Why Bradley-Terry Instead of Regression?
An alternative would be regression: ask humans to rate A and B separately on a 1-5 scale, then train the RM to predict those ratings.
Why Bradley-Terry (relative ranking) is better:
-
Easier annotation: Comparing two things is easier than assigning absolute ratings. Humans are better at “A vs. B” than “What number is this?”
-
Less ambiguous: A 3-star response is ambiguous. Does it mean “good” or “mediocre”? With comparisons, the judgment is clear.
-
More data-efficient: You can generate many (y_A, y_B) pairs from fewer unique responses by comparing different pairs.
-
Natural human judgment: Humans naturally compare. Absolute ratings require calibration across raters.
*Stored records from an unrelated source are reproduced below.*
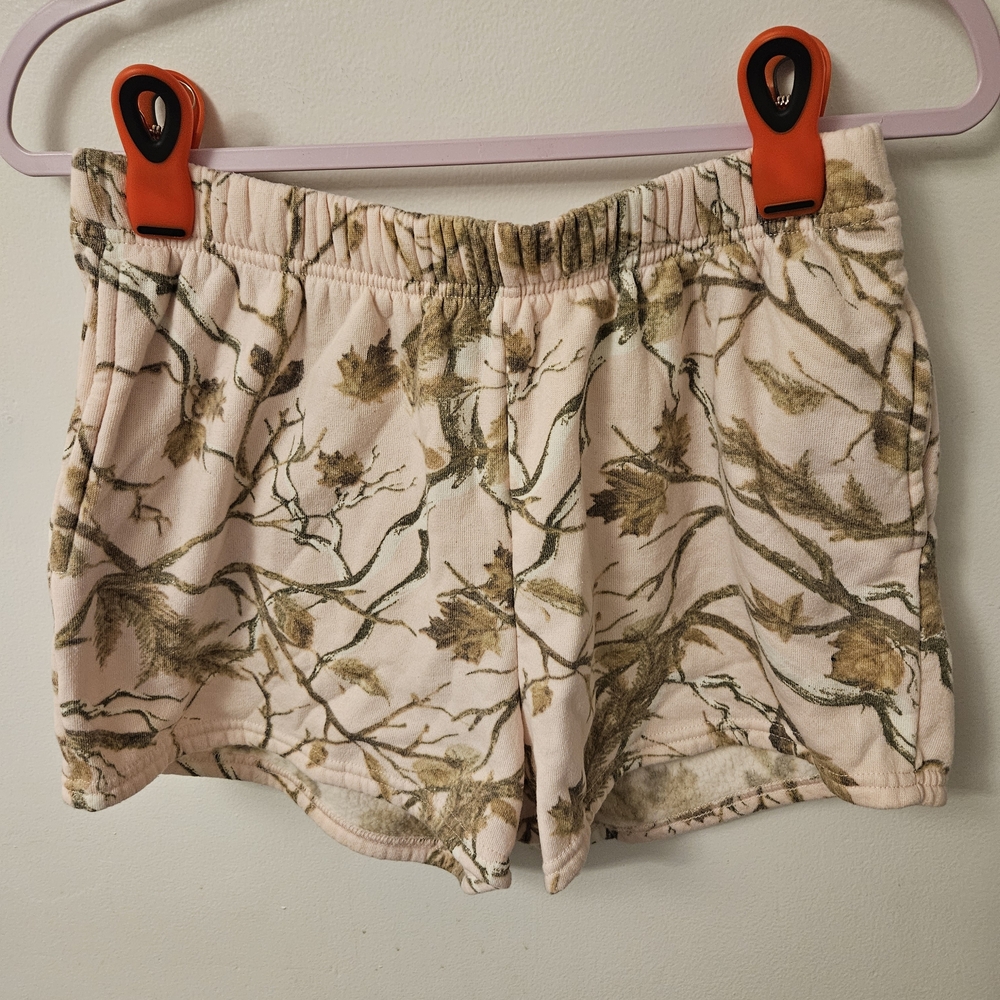 Women's Pink Floral Athletic Shorts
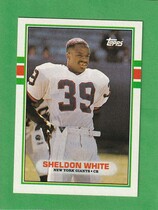 1989 Topps Base Set #170 Sheldon White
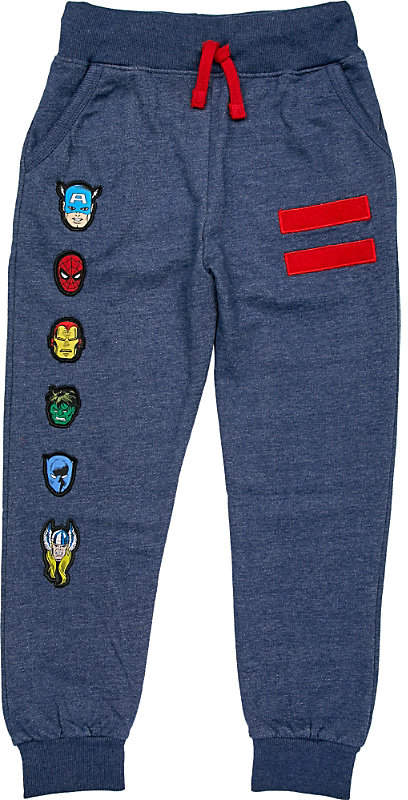Fabric Flavours Marvel badge cotton-blend tracksuit bottoms 3-8 years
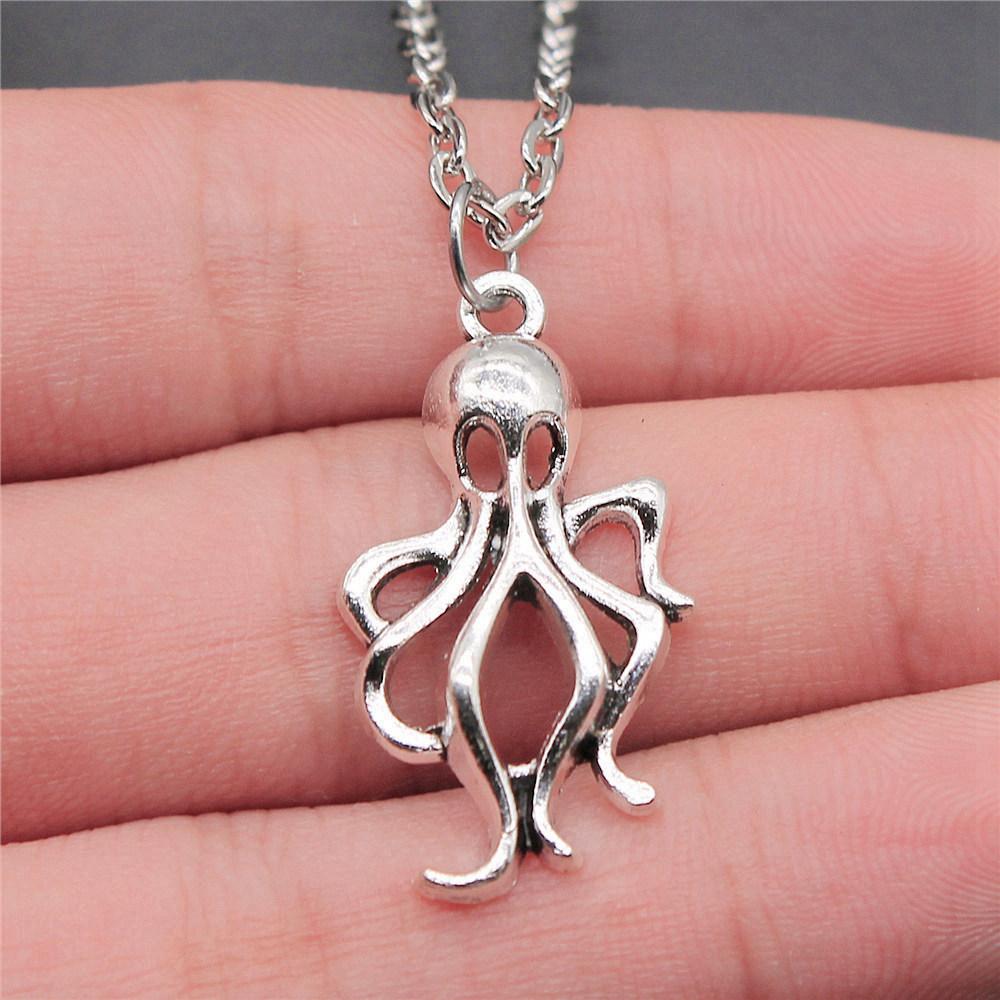Mermaid Dolphin Ocean Life Pendant Antique Bronze Metal Men Collar Necklace Fashion Gift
In the paper, the RM achieves ~73% inter-rater agreement with humans on held-out test set. Not perfect, but good enough to guide RL.
After Training: Scoring New Responses
Once trained, the RM can score any (prompt, response) pair, even ones it never saw during training.
New Prompt: "How do birds fly?"
New Response (from the RL policy):
"Birds have special bones that are hollow and light. Their wings have
feathers arranged to push air down, creating lift. Flying is controlled
by powerful flight muscles. Pretty cool!"
RM scores it:
r_θ(x, y_new) = 1.7
In the context of training, this might score lower than a perfect response
(which might get r = 2.5), but higher than a poor response (which gets r = -0.5).
This score becomes the reward signal for the RL stage.
Key Takeaway
The RM training is:
- Simple: Binary classification on preferences
- Efficient: Trains fast, requires ~0.5 GPU hours
- Generalizable: Learns patterns that transfer to new (prompt, response) pairs
- Scalable: Can rank any number of responses without retraining
This is the bridge between human feedback (which is expensive) and RL (which can leverage a learned reward function).